Hadits mauquf berupa ucapan, misalnya:
قال ابن عمر رضيى الله عنه كذا ، ... قال ابن مسعود كذا ...
“Ibnu Umar berkata begini...”, Ibnu Mas’ud
berkata begini...”
Dan hukum hadits mauquf adalah sama dengan hadits musnad dan
muttashil.
8.
Al-Maqthu’ (المقطوع)
Maqthu’ adalah hadits yang disandaarkan kepada para tabi’in berupa
ucapan ataupun perbuatan, baik sanadnya bersambung maupun tidak. Hadits ini dinamakan
maqthu’, karena tidak nyambung sanadnya kepada para sahabat atau Nabi SAW.
Hadits maqthu’ tidak bisa dijadikan hujjah kecuali ada indikasi
marfu’ kepada Nabi SAW, maka dalam hal ini berlaku pula hukum marfu’. Demikian
juga kalau ada indikasi mauquf, maka berlaku pula hukum hadits mauquf.
9.
Al-Munqathi’ (المنقطع)
Munqathi’ adalah hadits yang salah satu sanadnya gugur, tapi yang
gugur itu bukan sahabat;
1.
Baik
perawinya gugur di satu tempat atau lebih, tapi perawi yang gugur tersebut
tidak boleh lebih dari satu. Kalau memang demikian, maka hal itu adalah
munqathi’ pada dua atau tiga tempat bahkan lebih.
2.
Baik
perawi yang gugur itu di awal sanad atau di tengahnya.

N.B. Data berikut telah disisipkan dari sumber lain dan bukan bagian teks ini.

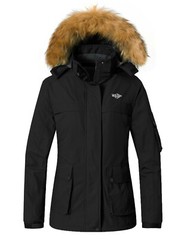 Wantdo Women’s Ski Jacket Winter Fleeced Snow Coat Waterproof Fur Hooded Jackets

Hadits di atas tergolong hadits
dha’if. Dan termasuk dalam golongan hadits ini adalah hadits marfu’ mursal dan
hadits mauquf.
10. Al-Mu’dhal (المعضل)
Hadits mu’dhal adalah hadits yang sanadnya gugur dua tingkat secara
berurutan, seperti gugurnya seorang sahabat dan tabi’in, atau gugurnya seorang
tabi’i dan tabi’tabi’i, atau gugurnya dua sanad sebelumnya.
Akan tetapi bila hanya satu perawi yang gugur diantara dua orang,
lalu pada tingkatan lain gugur perawi lainnya, maka disebut hadits Munqathi’,
sebagaimana keterangan yang lalu. Hadits Mu’dhal tergolong hadits dha’if.
11. Al-Mursal (المرسل)
Kata mursal adalah shigah isim maful, diambil dari kata Irsal yang
berarti bebas. Jadi mursal adalah hadits yang terbebaas dari ikatan semua
perawinya, karena mereka tidak menyebutkan orang yang diirsalkan.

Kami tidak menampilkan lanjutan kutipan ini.